Figure 6-13   MIB-2 Naming Structure

                                              mgmt (2)


                                  mib-2 (1)


                     system (1)                                              tcp (6)



              sysDescr (1) sysUpTime (3) sysContact (4) sysName (5)          tcpConnTable (13)


                                                                 tcpConnEntry (1)


                tcpConnState (1) tcpConn          tcpConn       tcpConn             tcpConn
                                 LocalAddress (2) LocalPort (3) RemoteAddress (4)   RemotePort (3)

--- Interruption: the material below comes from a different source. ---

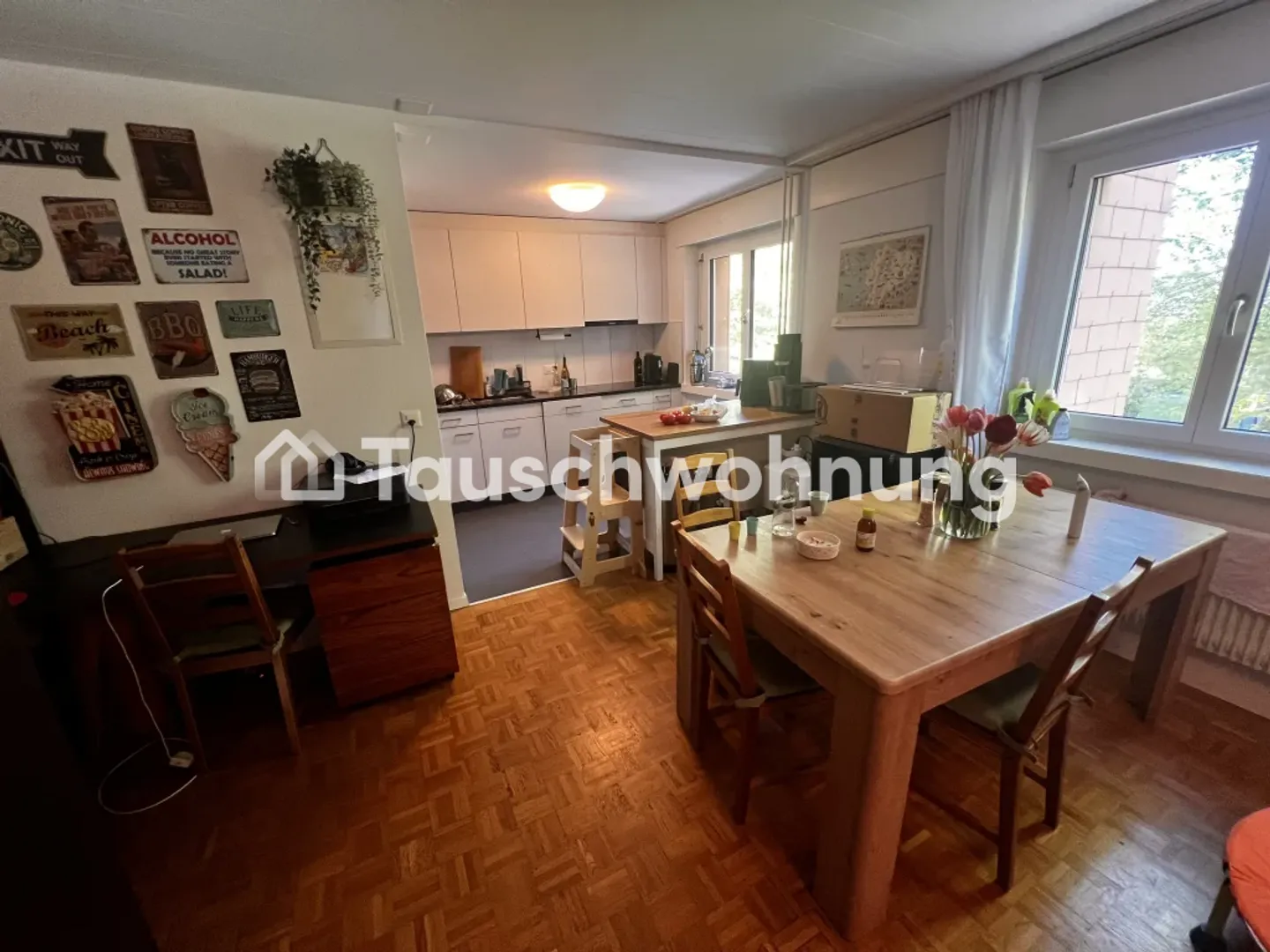 Wohnungstausch 2.5 Zimmer - Foto 6 von 9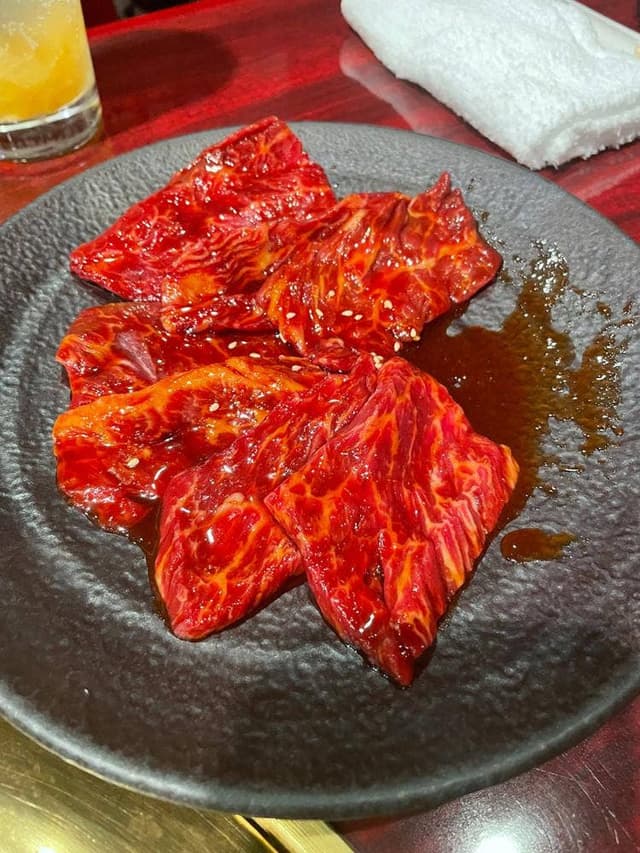 焼肉韓食房だんだん 米子店 - サブ画像1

         We now dive into the definition of one of the submodules, the system group. Note that the
         definition of MIB modules can be annotated with comments, which are lines prefixed with two
         dashes (--).

                -- the System group

                --   Implementation of the System group is mandatory for all
                --   systems. If an agent is not configured to have a value
                --   for any of these variables, a string of length 0 is
                --   returned.

                sysDescr OBJECT-TYPE
                    SYNTAX DisplayString (SIZE (0..255))
                    ACCESS read-only
                    STATUS mandatory
                    DESCRIPTION
                            “A textual description of the entity. This value
                            should include the full name and version
                            identification of the system’s hardware type,
                            software operating-system, and networking
                            software. It is mandatory that this only contain
                            printable ASCII characters.”
                    ::= { system 1 }

                [...]

                sysUpTime OBJECT-TYPE
                                                                           Anatomy of a MIB        195


          SYNTAX TimeTicks
          ACCESS read-only
          STATUS mandatory
          DESCRIPTION
                  “The time (in hundredths of a second) since the
                  network management portion of the system was last
                  re-initialized.”
          ::= { system 3 }

      sysContact OBJECT-TYPE
          SYNTAX DisplayString (SIZE (0..255))
          ACCESS read-write
          STATUS mandatory
          DESCRIPTION
                  “The textual identification of the contact person
                  for this managed node, together with information
                  on how to contact this person.”
          ::= { system 4 }

The system group contains a number of scalars—object types that will be instantiated exactly
once. The definition of an object type consists of several elements:

■   “Syntax” essentially defines the data type. sysDescr and sysContact are strings with a
    maximum length of 255 characters; sysUpTime is of a type TimeTicks. TimeTicks is a textual
    convention that is defined in an imported specification; it really refers to an unsigned 32-bit
    integer that represents an elapsed period of time in hundredths of a second, as reiterated in the
    description.

■   “Access” specifies whether the object is a parameter that can be set by a manager (read-write)
    or whether it can only be read, such as when the object contains state information. In the
    example here, sysUpTime is read-only—the agent provides its value as it reflects state
    information. sysContact, on the other hand, is read-write—its value is provided by a
    management application to facilitate administration of the device.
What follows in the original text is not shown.